As the answer, give exactly the lines of the records below from the one with "New Gaming Headset" through the one with "MWT1144 - عباية طباعة | Printed Abaya - Aya", ends included and pictures left out.

Study material START

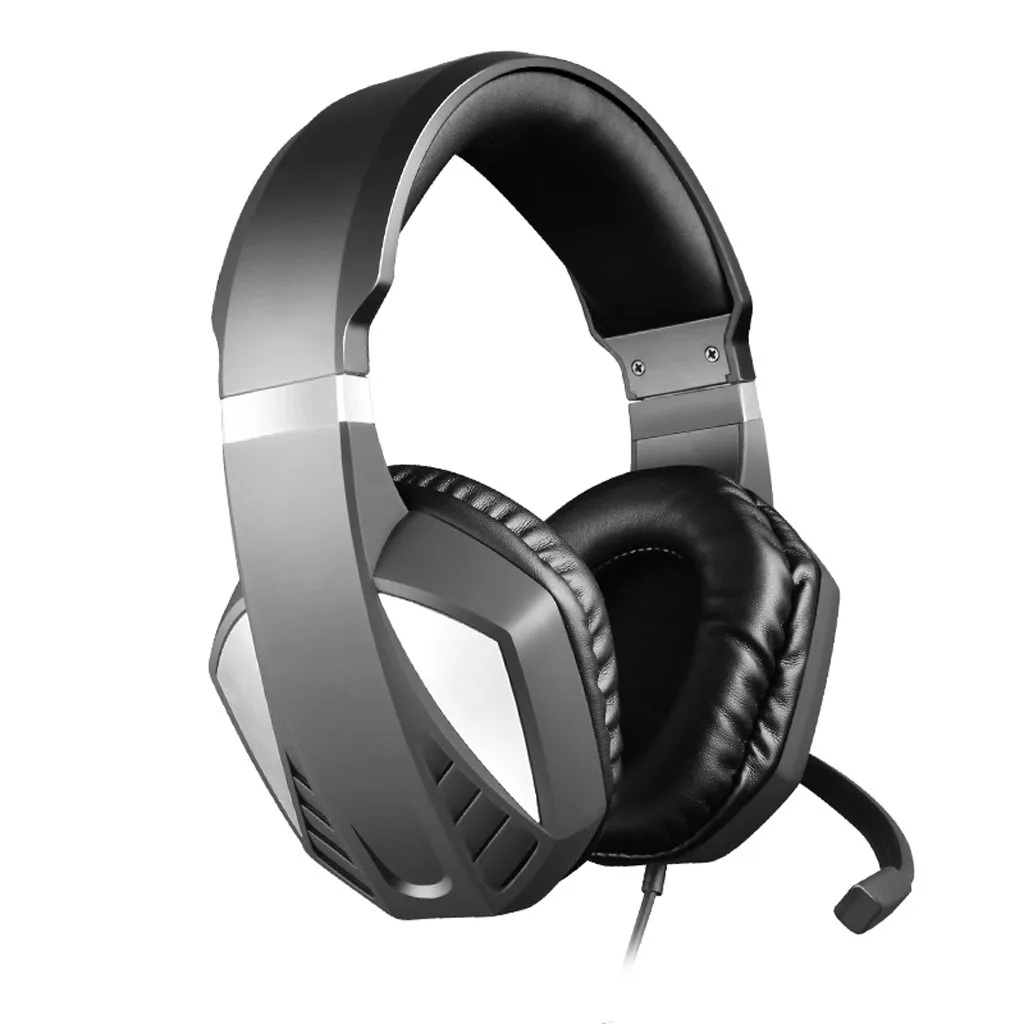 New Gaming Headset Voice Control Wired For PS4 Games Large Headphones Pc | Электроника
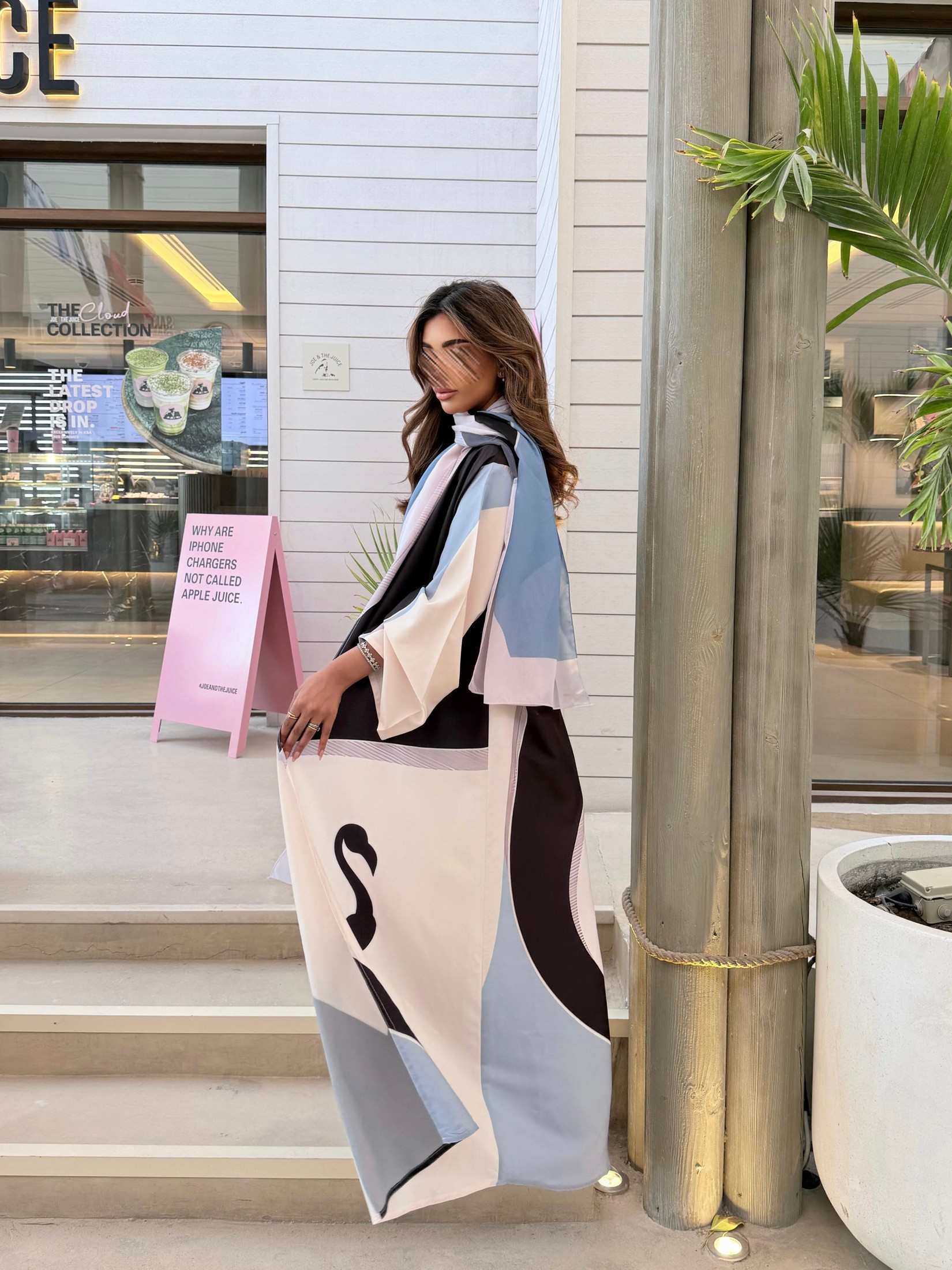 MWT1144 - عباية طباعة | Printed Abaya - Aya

Study material END
Study material START

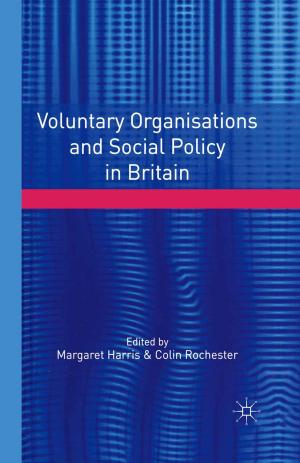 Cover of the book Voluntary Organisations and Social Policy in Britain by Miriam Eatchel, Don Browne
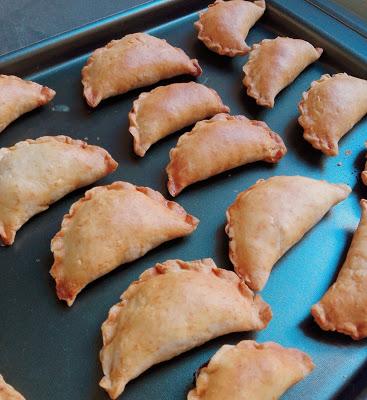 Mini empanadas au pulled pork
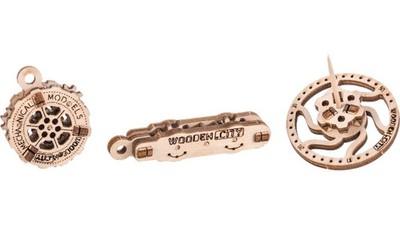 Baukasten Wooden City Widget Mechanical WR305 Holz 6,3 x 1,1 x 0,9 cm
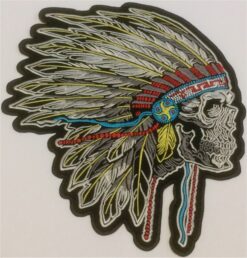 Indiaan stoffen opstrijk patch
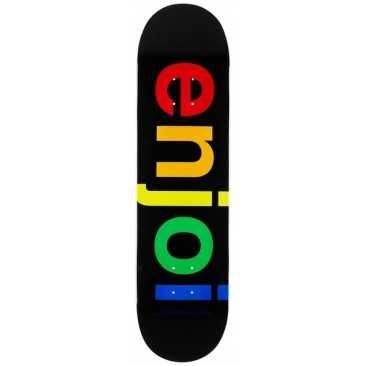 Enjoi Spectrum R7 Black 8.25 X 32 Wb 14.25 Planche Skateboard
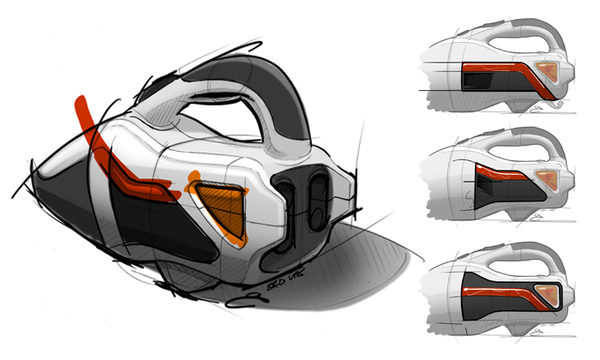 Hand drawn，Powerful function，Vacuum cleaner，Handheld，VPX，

Study material END

- Expected answer -
 New Gaming Headset Voice Control Wired For PS4 Games Large Headphones Pc | Электроника
 MWT1144 - عباية طباعة | Printed Abaya - Aya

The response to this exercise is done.